Est-ce là la fin de l’aventure ? Il n’y a aucun mouvement dans notre direction. Louis tente sa chance et sort des fourrées et s’avance vers les deux individus qui ont l’air plus intéressés par le château que par notre présence. Nous lui emboîtons le pas et approchons de la bâtisse qui semble surgir de la végétation, sublimée par les couleurs d’automne. Nous passons sous un porche et arrivons dans le parc donnant sur la rivière. Une tour à l’extrémité fait face à des séquoias. L’ancienne demeure en tire une de ses nombreuses appellations : le Château Séquoia, aussi connue sous les noms du Château Pierre Chanal ou de Louis de Gonzague. Les deux quinquagénaires sont aussi là et prennent des photos. C’est en réalité un couple d’urbexeurs venu d’assez loin pour voir le château. Nos deux groupes se séparent pour découvrir les lieux.






Nous avançons à pas de velours, stupéfaits par le spectacle. Certaines pièces sont vides, d’autres contiennent encore quelques meubles. L’ensemble est assez délabré. L’intérieur est assez sombre. Heureusement j’ai pensé à prendre mon trépied pour compenser le manque de lumière. J’alterne entre prises numérique, au Polaroid et avec mon appareil photo argentique. Le temps passe et le jour tombe sans que l’on s’en rende compte. Les lieux semblent fantomatiques, comme figés dans une autre époque.






Les Dégâts du Temps
Malheureusement le temps a fait son travail. L’eau s’est infiltrée et certains planchers se sont effondrés. Je reste charmé par la patine et les motifs des tapisseries. Quelques curieux objets subsistent, comme une bouteille de Champagne qui trône sur une des cheminées. Une fois la visite terminée, nous quittons les lieux, encore envoûtés par la beauté de ce château endormi.











Une Pratique Exigeante
En ce qui concerne l’exploration urbaine, Louis n’en est pas à son premier coup d’essai : des usines désaffectées en Allemagne, dans le Nord de la France ou les Catacombes de Paris, c’est pour lui une véritable passion !
Pour toi, c’est quoi l’urbex ?
Chacun a un peu sa définition de l’urbex.
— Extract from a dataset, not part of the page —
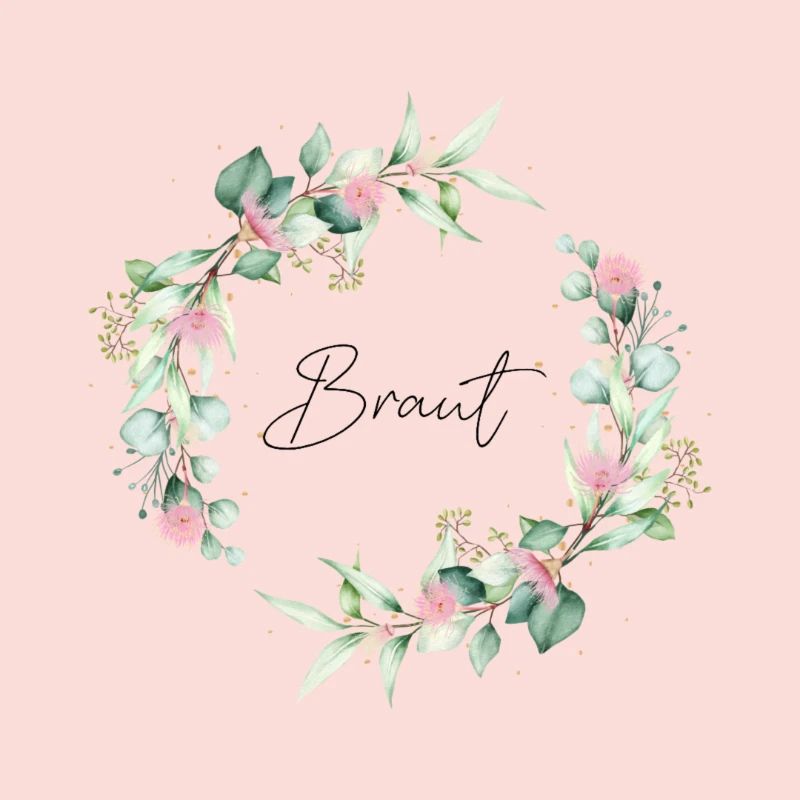 Braut JGA Eukalyptus Boho Junggesellinnenabschied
Pour moi, l’exploration urbaine, c’est aller dans des lieux partiellement ou entièrement abandonnés, visiter et voir des choses que l’on n’est pas sensé voir. C’est un sentiment que j’aime bien de se dire qu’on est dans un endroit où normalement on n’est pas sensé être.
Comment se visite un lieu ?
L’urbex se fait en trois étapes : la recherche, le repérage et l’exploration. En réalité, l’exploration reste la finalité. C’est la partie visible de l’iceberg. Avant, il y a toujours une longue phase de recherche. Beaucoup de sites et de vidéos parlent d’urbex. C’est fait de telle sorte que parfois, tu puisses trouver un indice, mais jamais directement l’adresse. L’urbex c’est avant tout une enquête. Beaucoup de ces lieux sont connus par des pseudonymes. Cela limite leur fréquentation et que le spot soit susceptible d’être abîmé. La recherche contribue donc aux plaisirs de l’urbex. C’est d’autant plus excitant une fois qu’on a trouvé.
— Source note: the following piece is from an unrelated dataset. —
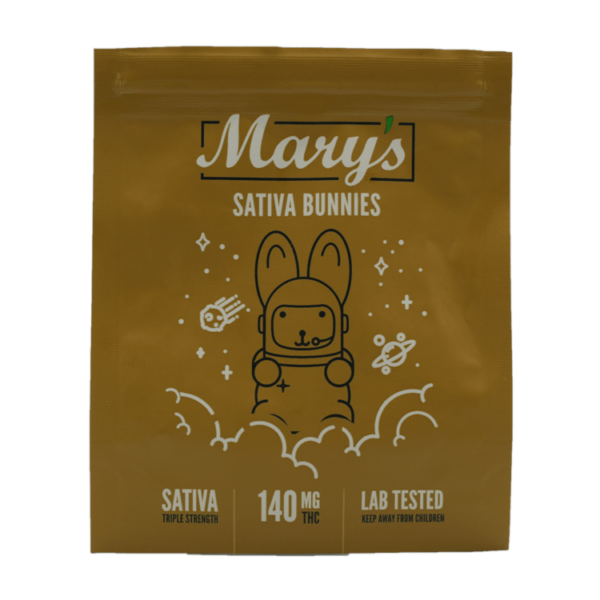 Mary’s Medibles – Sativa Bunnies – Extra Strength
Lorsque je fais le repérage des lieux, je regarde si c’est vraiment abandonné ou pas. Toutes les infos sont bonnes à prendre. Quand je reviens, je dois avoir un parcours en tête. Savoir par où rentrer et où sortir. Evidemment on y voit beaucoup plus une fois qu’on est à l’intérieur.
Une fois sur place, il faut savoir s’infiltrer rapidement, sans se faire voir et disparaître à l’intérieur. L’urbex reste une pratique illégale. Il faut quand même ne pas éveiller les soupçons. Ma façon de faire, c’est agir comme un ninja et être le plus discret possible. Personne ne sait que je suis venu. Personne ne m’entend une fois que j’y suis. Je disparais de la même façon.
Quelles sont les règles de l’urbex ?
Chacun a ses propres règles. Pour moi comme pour la plupart des urbexeurs, il ne faut pas dégrader, voler ou bouger quoi que ce soit. Pour éviter que cela arrive, il ne faut pas révéler l’adresse. Généralement, les personnes prêtes à faire de grandes recherches, le font par passion. Il faut être respectueux du lieu. Pour ma part je me débrouille toujours pour ne rien toucher et trouver mes entrées plutôt que de les créer. Dans certains cas, il faut rebrousser chemin.
Comment est-ce que tu as commencé ?
Pendant longtemps j’ai regardé des vidéos sur YouTube mais je n’avais pas les capacités physiques pour pratiquer. J’ai alors commencé à m’entraîner à la salle de sport et à courir pour atteindre un certain niveau. En 2019, j’ai passé quelques mois en Allemagne. J’avais enfin eu la condition physique nécessaire pour commencer. J’ai entendu parler d’une grande usine désaffectée et j’y suis allé avec une amie. J’ai alors fait plusieurs endroits : des usines, des hangars…
Qu’est-ce qui te plaît dans la pratique de l’urbex ?
Quand je suis dans un lieu, j’aime beaucoup imaginer comment il était avant. Je me renseigne sur son histoire. Pour les usines, c’est plus facile de trouver des articles de presse sur internet et de savoir ce qu’il s’est passé. Combien de personnes y ont travaillé, quels produits y étaient fabriqués et pourquoi ça a fermé. Parfois il y a des vieux documents et des objets en lien avec l’histoire du lieu. Des petites choses qui stimulent mon imagination. J’aime vraiment beaucoup imaginer le lieu 20 ans en arrière. C’est aussi pour cela que j’évite de visiter des lieux trop connus. Parce que je sais qu’il y aura plus aucune histoire car malheureusement ces spots sont souvent ravagés et dépouillés. Quand il ne reste plus que quatre murs, ça n’a plus aucun intérêt.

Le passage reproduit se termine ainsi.